Scientists at the University of Virginia have found that it is the oblate shape of Earth that is the cause. GPS takes into account the slight bulge of our planet and its uneven gravity, and thus the lines of longitude are not split evenly across the globe as in astronomical coordinates. Basically, the location of the prime meridian at Greenwich Observatory is wrong. The research is published in the Journal of Geodesy.
“I think it would be a good idea to put a marker at the site of the offset,” lead researcher Ken Seidelmann from the University of Virginia told IFLScience. “It could give a clear explanation for people who do come with a GPS receiver and see it’s not right. It would show where GPS zero is. It’s another tourist attraction.”
It should be noted that the prime meridian at Greenwich Observatory isn’t really used for much, other than tourism. “Observations are not going to be made at the prime meridian site,” said Seidelmann. Nonetheless, according to Dr Marek Kukula, the Royal Observatory's public astronomer, talking to The Indepedent, staff are frequently asked about this anomaly. IFLScience has asked if the observatory plans to install a marker.

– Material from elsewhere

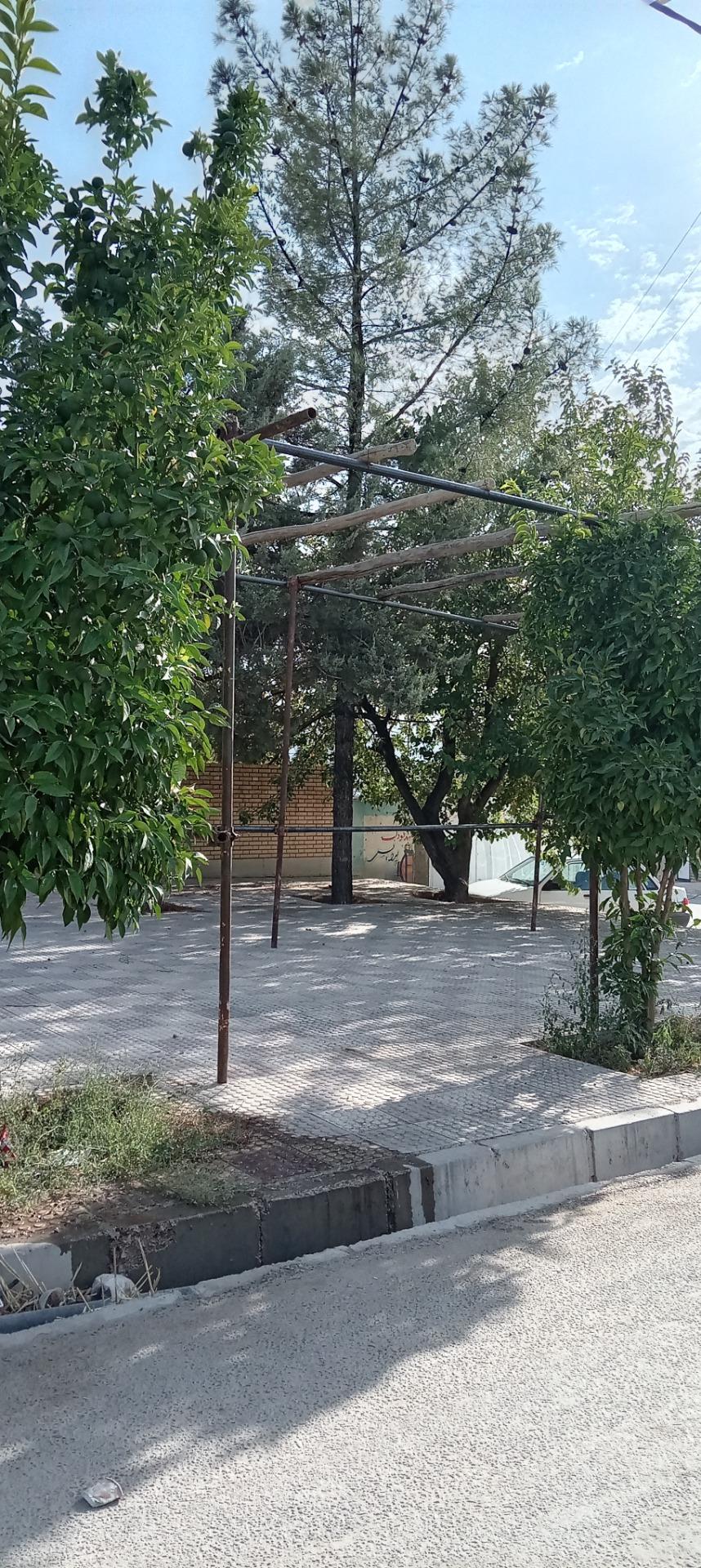 عکس پارک بهارستان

It’s not just Greenwich that is wrong, though. The scientists found that other markers for lines of longitude around the world were also incorrect. And the second major finding of the paper was that these other offsets are not the same, but actually vary from place to place, which adhered to the team’s gravity model and confirmed their theory. The biggest offset was in South America, specifically Chile, where astronomical instruments are high in the mountains.
While there aren’t many scientific implications from the research, it’s certainly still pretty interesting. And it puts to bed an intriguing, if not essential, puzzle.